Counterargument and Refutation
When writing an argumentative essay, you must consider what people who are opposed to your stand will say and try to find ways to weaken their argument. Follow these steps to develop a counterargument and refutation:
1. Introduce the counterargument. Explain the argument and identify the people who believe it.
Some critics of single-sex classrooms argue that single-sex education is dangerous because it reinforces gender stereotypes.
2. Describe the evidence or reasons people give for this counterargument.
In their view, a same-sex environment makes girls and boys emphasize the differences in each other and adopt stereotypical behaviors. In other words, girls act more passively and boys act more aggressively.
3. Acknowledge any part of the argument that may be true or partly true and explain why. Then refute the counterargument by calling attention to a weakness based on evidence or reasoning. A refutation should be based on evidence, logic, and objective facts, not emotions or bias.
While it may be true that same-sex grouping has the capacity to make boys and girls aware of differences, we should not draw the conclusion that they behave stereotypically as a result. Some research has shown that, in fact, students behave in a less stereotypical way. Similarly, a study by Park, Behman, and Choi looked at girls in single-sex and coed physics classes.

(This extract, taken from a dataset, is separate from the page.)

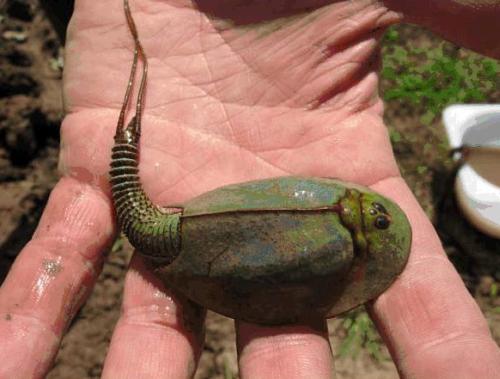 /dateien/mt33891,1217861546,Triops numidicus pic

They assigned girls to each class and found that those “in the all-girls classroom were less likely to regard physics as a boys’ subject, compared to girls who had been randomly assigned to the coed classroom” (132).
4. Conclude by showing how your evidence disproves the counterargument.
In other words, the single-sex environment allowed girls to be free of the limits and expectations that they felt in the mixed gender classroom.
Your conclusion should contain the following elements:
A. It states the reason why your point of view is more valid than the opposing views.
Thus, studying in a single-sex environment has important benefits. it can make girls be more self-confident and improve their grades in math and science, two subjects that can lead to jobs in growing fields like nursing and biomedical research.
B. It emphasizes the importance of the topic being argued.
Girls deserve to have the opportunity to enjoy these benefits, no matter where they live.
C. It ends with a strong comment, recommendation, or call to action.
Girls-only classes must be available everywhere to make that possible.